# DATASET SECTION:
*** Block opens ***
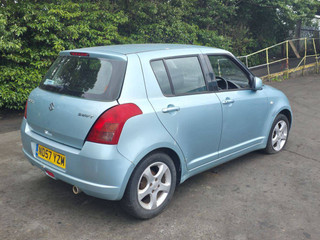 Suzuki Swift 3 2007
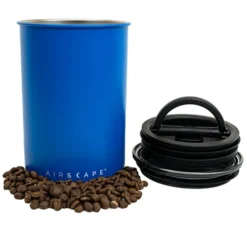 Boîte de conservation métal bleu klein mat 500 gr - Airscape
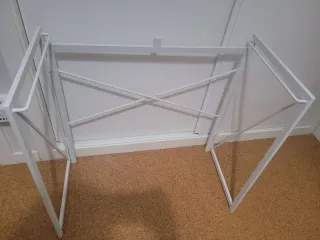 Escritorio Plegable 80cm Blanco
*** Block closes ***
# THE TASK:
Give again, word for word, only the lines from the line containing "Boîte de conservation" through the last line above, both included; leave the pictures out.

# TASK SOLUTION:
 Boîte de conservation métal bleu klein mat 500 gr - Airscape
 Escritorio Plegable 80cm Blanco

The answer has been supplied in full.